McLeod D G, Crawford E D, DeAntoni E P
Walter Reed Army Medical Center, HSHL-SGU-Urology Service, Washington, DC 20307, USA.
Eur Urol. 1997;32 Suppl 3:70-7.
There is no debate that both the earlier diagnosis and the treatment of men with cancer of the prostate (CaP) are having an impact on patients with this disease. In many practices there are fewer and fewer patients presenting with the classic diagnosis of 'advanced disease', i.e., stage M (D2). Only a few years ago, a large percentage of men with CaP had bony metastases when they presented to a physician. Hormonal ablation was the optimal treatment, and the only question was whether bilateral orchiectomy or medical castration should be used. The median time to progression with either type of monotherapy was 12-18 months, and the median time to survival was 24-36 months. Unfortunately, in many parts of the world, this scenario is still the norm. In the United States, Europe, and an increasing number of other countries, improved methods of detection with transrectal ultrasound and prostate-specific antigen (PSA) have resulted in a dramatic shift in the stage of disease at diagnosis. It is safe to say that in these countries the majority of prostate cancers are now being clinically diagnosed while still localized, and many organ-confined tumors are being definitively treated and cured. Nevertheless, many of these patients will be understaged at the time of diagnosis and will show progression following definitive therapy. In most surgical series approximately one half of patients will be found on pathologic examination to have pT3 disease. The use of PSA in the diagnosis of CaP has been mentioned, and it is being used extensively to monitor recurrent/residual disease. Hormonal therapy is being employed earlier in numerous clinical situations, and its use is no longer reserved solely for patients with metastatic disease. In this context combined androgen blockade has become the gold standard of treatment in neoadjuvant situations as well as for advanced CaP. Newer advances, including 3-month depot formulations of luteinizing hormone-releasing hormone analogues, the reversibility of medical castration, the preference of most patients to have medical castration, and the approval of other antiandrogens in the United States, all have further strengthened the use of combined androgen blockade. Hormonal therapy in adjuvant settings, when there is a high likelihood of disease recurrence, is also being used in many clinical situations. In addition, there appears to be a role for certain types of hormonal therapy in chemoprevention.

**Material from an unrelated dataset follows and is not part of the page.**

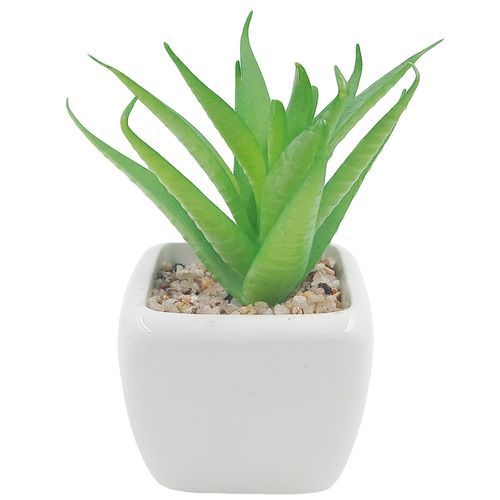 Vaso C/ Planta Artificial Decorativo 5x8cm em Cerâmica Multiart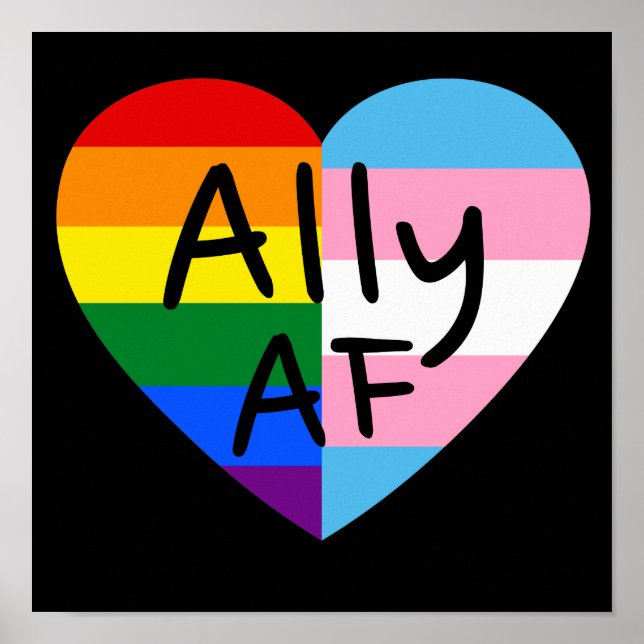 Affiche Ally AF III - Drapeau LGBTQ Gay Trans Queer Pride (Devant)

前列腺癌(CaP)的早期诊断和治疗对该病患者产生了影响,这一点毫无争议。在许多临床实践中,出现“晚期疾病”(即M期,D2期)经典诊断的患者越来越少。就在几年前,很大一部分前列腺癌男性患者就诊时已有骨转移。激素消融是最佳治疗方法,唯一的问题是应采用双侧睾丸切除术还是药物去势。两种单一疗法的中位进展时间为12 - 18个月,中位生存时间为24 - 36个月。不幸的是,在世界许多地区,这种情况仍是常态。在美国、欧洲以及越来越多的其他国家,经直肠超声和前列腺特异性抗原(PSA)检测方法的改进导致诊断时疾病分期发生了巨大变化。可以肯定地说,在这些国家,现在大多数前列腺癌在临床诊断时仍处于局部阶段,许多局限于器官的肿瘤正在得到明确治疗并治愈。然而,许多这些患者在诊断时分期会偏低,并且在确定性治疗后会出现病情进展。在大多数手术系列中,大约一半的患者在病理检查时会被发现患有pT3疾病。文中提到了PSA在前列腺癌诊断中的应用,并且它被广泛用于监测复发/残留疾病。在众多临床情况下,激素治疗的应用越来越早,其使用不再仅局限于转移性疾病患者。在此背景下,联合雄激素阻断已成为新辅助治疗以及晚期前列腺癌治疗的金标准。新的进展,包括促黄体生成素释放激素类似物的3个月长效制剂、药物去势的可逆性、大多数患者对药物去势的偏好以及美国其他抗雄激素药物的获批,都进一步加强了联合雄激素阻断的应用。在疾病复发可能性很高的辅助治疗环境中,激素治疗也在许多临床情况下被使用。此外,某些类型的激素治疗在化学预防中似乎也有作用。